For pretty much all of the 30+ years that I’ve been in business, I have employed the power of collaboration.
Before I did what I do now, I ran an engineering business based in Kent. It was my family business, I was the fourth generation of my family to work in it, and I started there when I was I was just 19 years old. Now, many of the other people that worked there had literally seen me born and grow up – some of them had even baby sat me over the years – so, although I did have some automatic authority which came with being the son of the owner, I figured that just trying to put that to work in my new job might not get me very far.
I’d spent quite a bit of time hanging out around the business as I was growing up, and fortunately I’d worked out that the vast majority of the people working there knew a great deal more than I did about how to make it work and, perhaps more importantly, how to make it not work. As a consequence, I recognised that If I started trying to manage them with some kind of autocratic “I’m the boss’s son, do what I say” kind of attitude, they were likely to find a way to give a clear demonstration of my shortcomings, and make my life really difficult! Of course, it did help that I knew these people well, and also liked them, so I needed to find some other form of management approach.

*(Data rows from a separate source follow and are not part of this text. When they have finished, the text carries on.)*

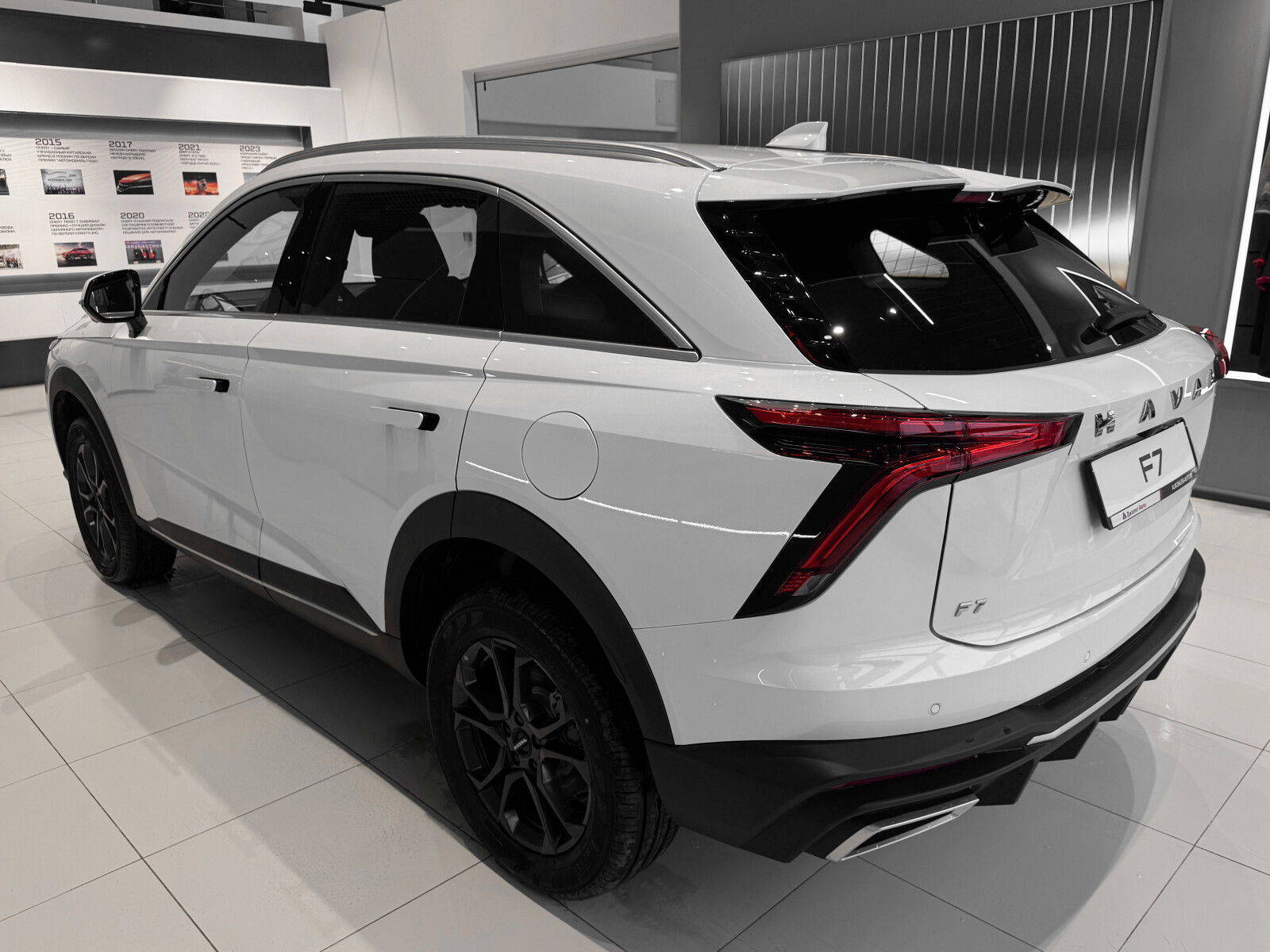 Haval F7 II, Благородный Агат, 3599000 рублей, вид 3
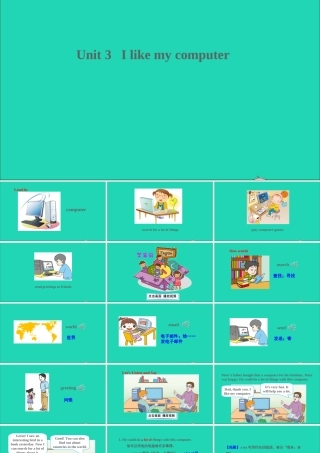 六年级英语上册 Unit 3  I like my computer课件+素材 湘少版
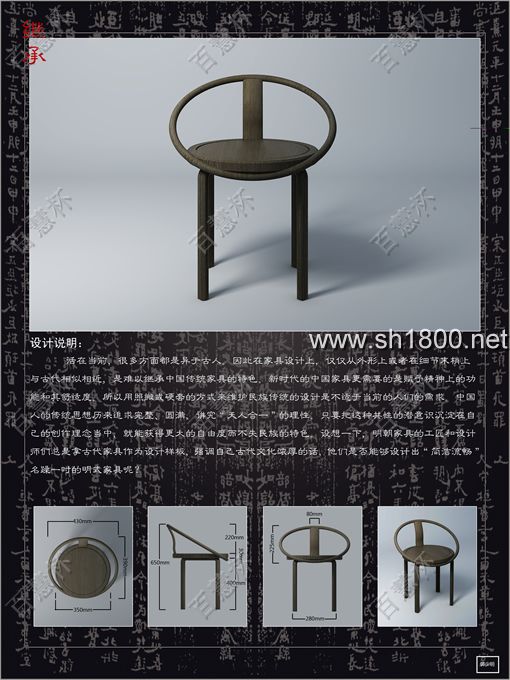 “百慧杯”中国红木家具设计大赛0709号作品《继承》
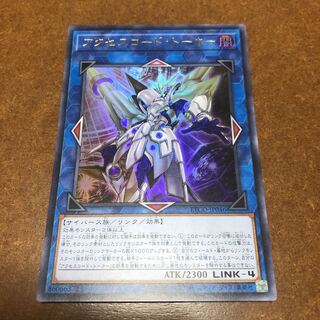 アクセスコード・トーカー ウルトラレア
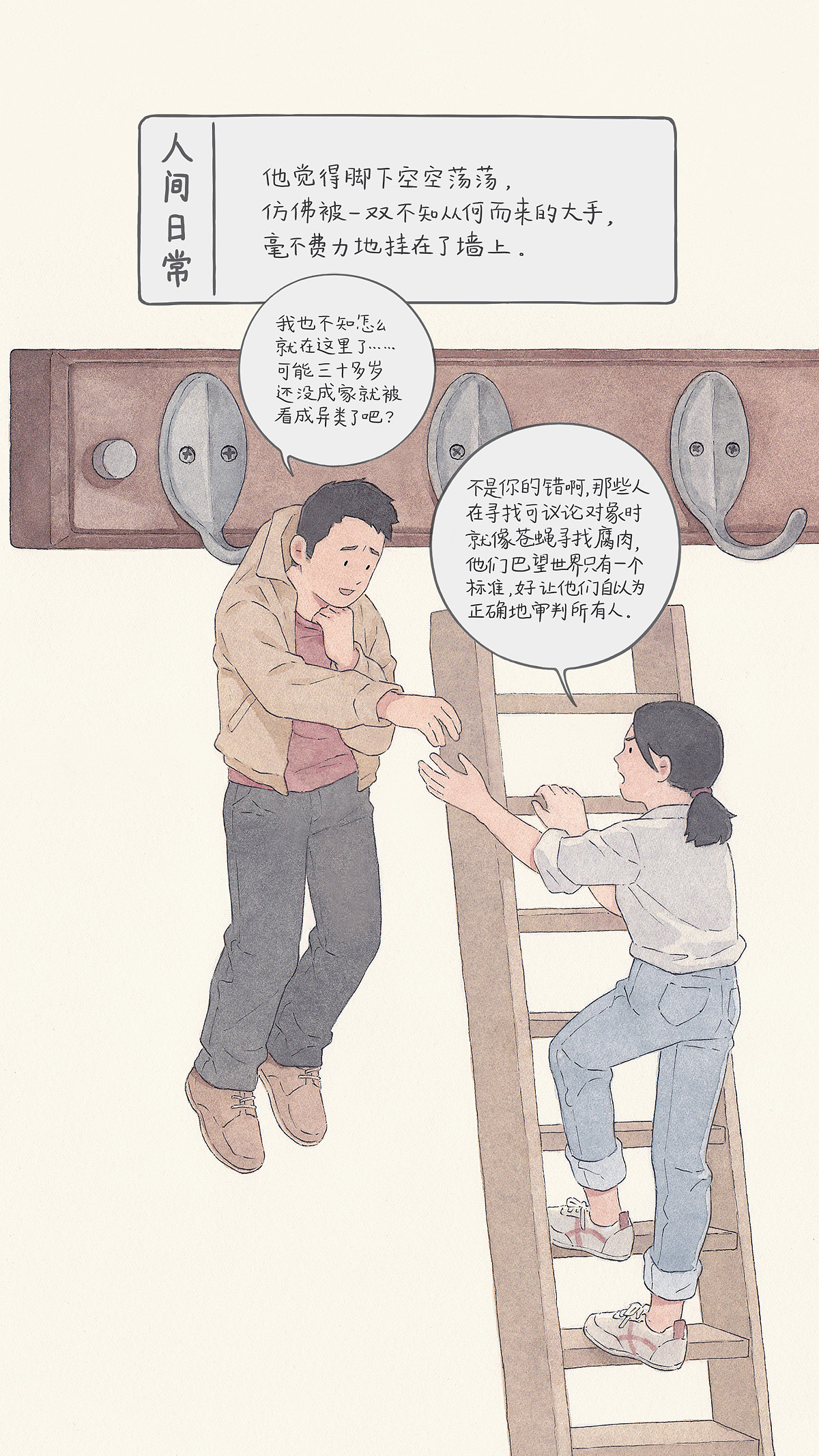 单幅漫画插画-16.jpg
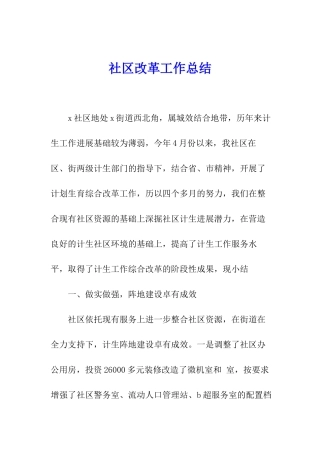 社区改革工作总结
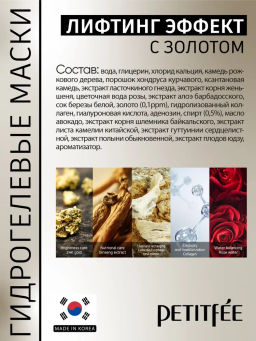 PETITFEE - МАСКА ГИДРОГЕЛЕВАЯ ДЛЯ ЛИЦА С ЗОЛОТОМ +5 GOLD HYDROGEL MASK PACK, 30 ML  фото 4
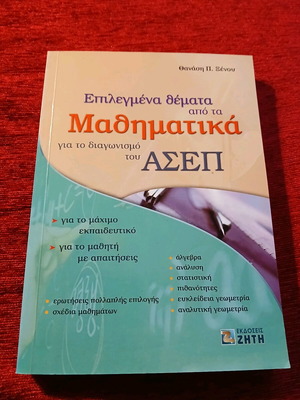 Selected Topics from Mathematics for ASEP Exam like new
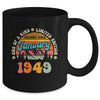 75 Years Old Awesome Since January 1949 75th Birthday Groovy Mug | siriusteestore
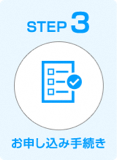 STEP3 お申し込み手続き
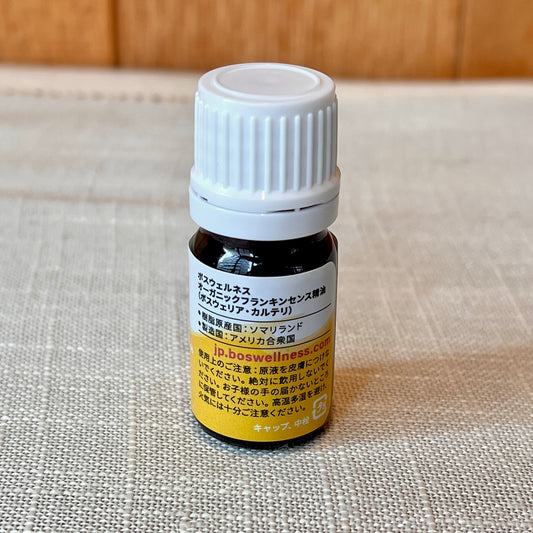 オーガニック フランキンセンス精油(ボスウェリア・カルテリ)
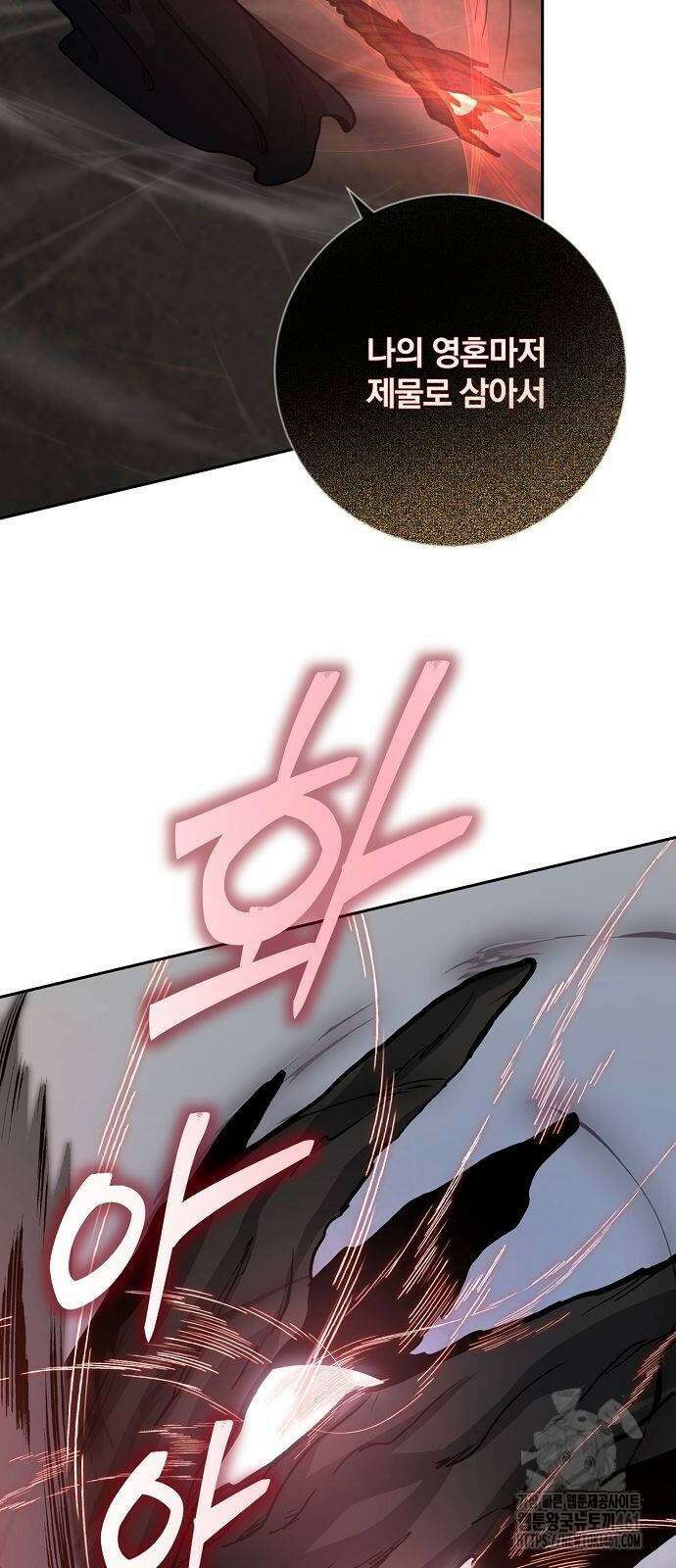 성황의 손자는 네크로맨서 55화 10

The approach I adopted instead of going around telling everyone what to do (I didn’t know anyway), was to try to get the best out of them – to tap into their skills, knowledge and abilities, and to help them make the best of themselves, for our mutual benefit.
To some this may sound like a really obvious thing to do, but I can assure you that over the years I’ve observed enough managers, at all levels and in all sizes of business, to know that vast numbers simply don’t do it! They direct and demand rather than employing the gentle art of persuasion.
One definition of persuasion that I really like is “getting others to want to do, what you want them to do.” Essentially, this is what I was developing skill in all those years ago. It sparked a lifelong interest in how you can do that ethically and effectively, and grew beyond the day-to-day management of my family business, into a set of practices that I have used over the years, and now help others to develop and use, for building successful businesses.
The Oxford Dictionary defines Collaboration as “working jointly”. At its simplest level, this is all I am talking about – working jointly both inside (with colleagues, employees, co-workers etc.) and outside (with suppliers, customers, suppliers of complementary goods and services and even competitors) to make your business work, create opportunities for growth and success, and make your life easier!
I have been practicing this myself, and helping others practice it, for long enough to know categorically that it works.
There are huge swathes of evidence out there to demonstrate that it works. I remember attending a conference about 15 years ago where Richard Branson was speaking. The comment he made which still sticks in my mind was “There are three groups of people who are important to my business – my employees, my customers and my suppliers, and that is the order I place them in, because I know that if I look after the first group, they will look after the others.” You can only truly apply that approach in a business run on the principles of collaboration.
Branson is a master of collaboration and has built the Virgin Group though collaborating with other businesses – almost all of his most successful companies are Joint Ventures; leveraging the best aspects of Virgin and the other business(es) involved to produce something far greater than the individual parts.
In future blogs I will be saying more about the what and how of Business Collaboration, for now, though, just start to explore where you can collaborate, and I promise you will start to get bigger and better results in your business.
Doug, your on the money. At the end of the day, its people that drive the business. Getting people and all the different levels collaborating is tough but worth it.